以上、編集部が設定した20項目については、高崎が14勝、前橋が6勝という結果となった。上記のように「生活の豊かさ」では前橋が意地を見せたものの、全体的に自治体としては高崎の方が優勢、と言っていいだろう。

もっとも、数値だけでは測れないものもある。その一つが「どれだけ多くの有名人を輩出したか」だ。有名人の故郷ほど立派と言うのは少々乱暴かもしれないが、教育だったり文化活動だったり、個性的な人間を育む何かを持っているのも事実である。

【前橋】
・萩原朔太郎(詩人)
・糸井重里(コピーライター)
・清水崇(映画監督)
・NIGO(ファッションデザイナー)
・細貝萌(サッカー選手)
【高崎】
・山田かまち(詩人)
・氷室京介、布袋寅泰、松井常松(ロックミュージシャン)
・JOY(モデル)
・山口素弘(元サッカー選手)
・福田康夫、中曽根康弘(政治家)

こうしてみると前橋は文化系で、高崎は頭も体力もすごそうな人が多い印象を受ける。

高校は前橋が優勢か

ところが前橋にはスポーツの名門校がいくつもある。前橋育英高校の硬式野球部は2013年夏の甲子園で初出場・初優勝という快挙を成し遂げ、サッカーも全国大会の優勝経験がある。
公立では前橋工業高校や前橋商業高校も甲子園出場経験豊富だ。

対する高崎は、県立高崎商業高校は夏の甲子園に11回も出場し、高崎健康福祉大学高崎高校(健大高崎)は2012年春の選抜で準優勝した。
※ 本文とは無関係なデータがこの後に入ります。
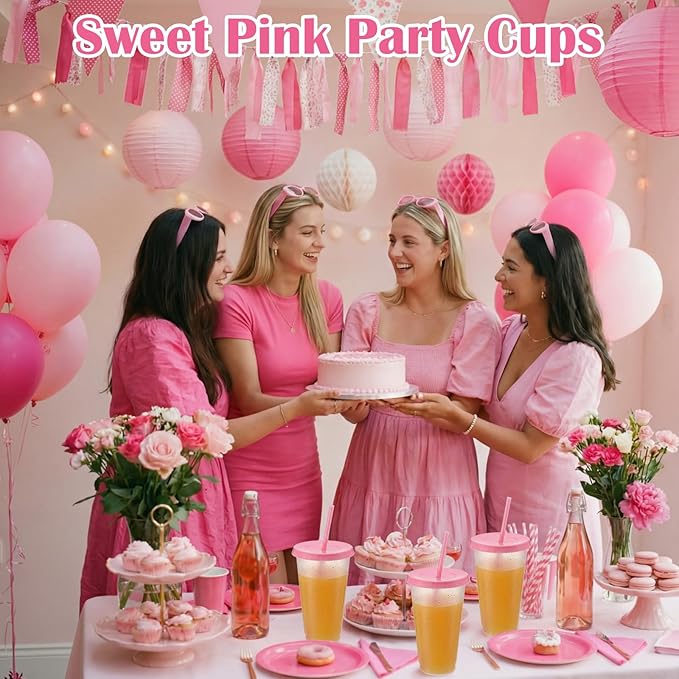 Honeydak 60 Pack Tumbler with Straw and Lid Bulk Cups for Gifts Water Bottle Iced Coffee Travel Mug Cup Reusable Plastic Tumblers for Party Birthdays 24-27 oz (Clear and Pink Color)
進学校としては前橋高校と高崎高校が偏差値で並び立つ。地元の評価は前橋の方が高いだ。ただし2014年の東京大学合格実績では、前橋が現役1名だったのに対し、高崎は現役6名・既卒4名だった。

様々な面で競い合う前橋と高崎。両市のライバル関係が、群馬の今日の発展を実現させたとも言える。